== Supplied data ==
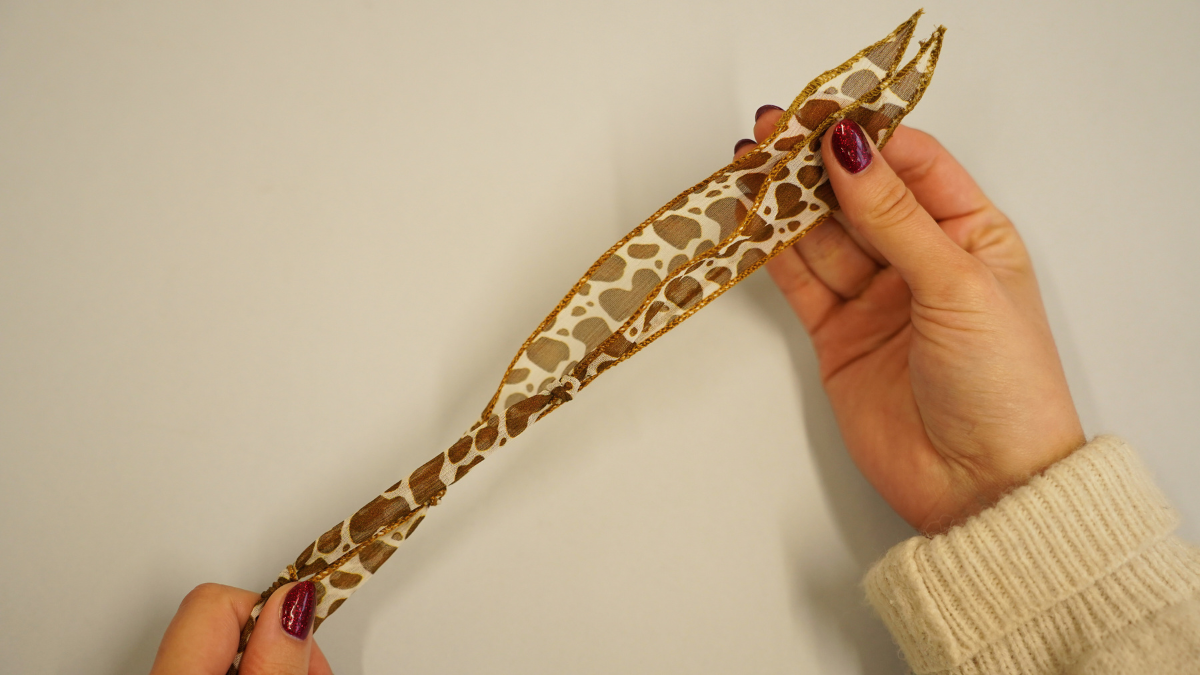 Cow pattern silk ribbon with gold charms : Step 1 Cow pattern silk ribbon with gold charms : Step 1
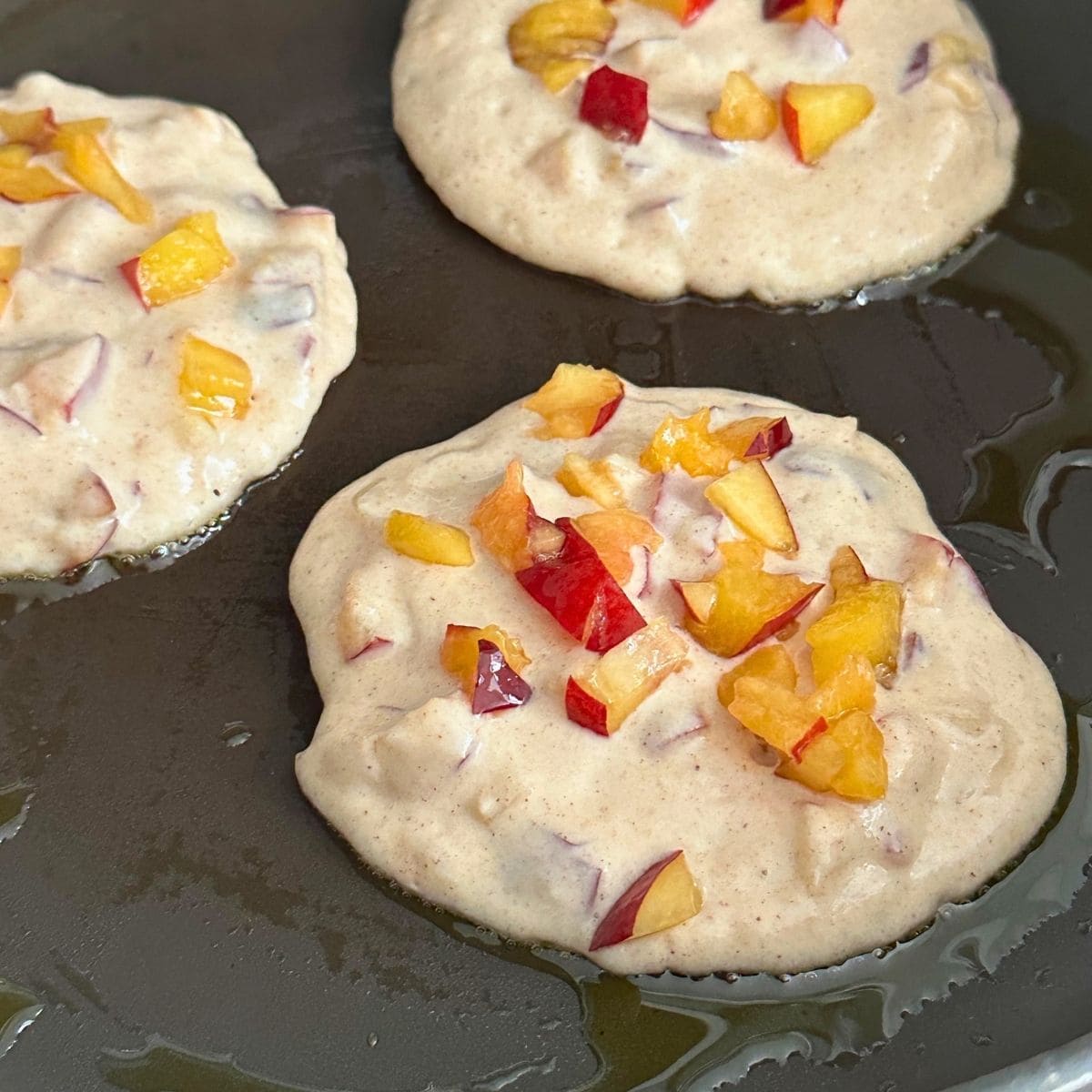 Three summer pancakes with chopped peaches on top cooking in a pan with oil.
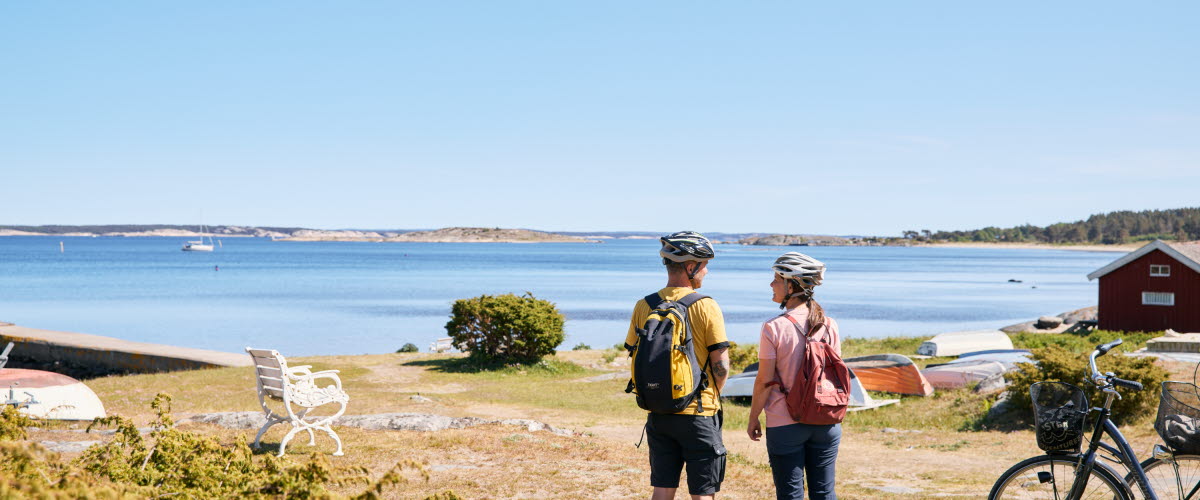 Two people are cycling on an island.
===
▶ _Task_
Please transcribe the listing above verbatim and exclude every picture.

▶ _Written solution_
 Cow pattern silk ribbon with gold charms : Step 1 Cow pattern silk ribbon with gold charms : Step 1
 Three summer pancakes with chopped peaches on top cooking in a pan with oil.
 Two people are cycling on an island.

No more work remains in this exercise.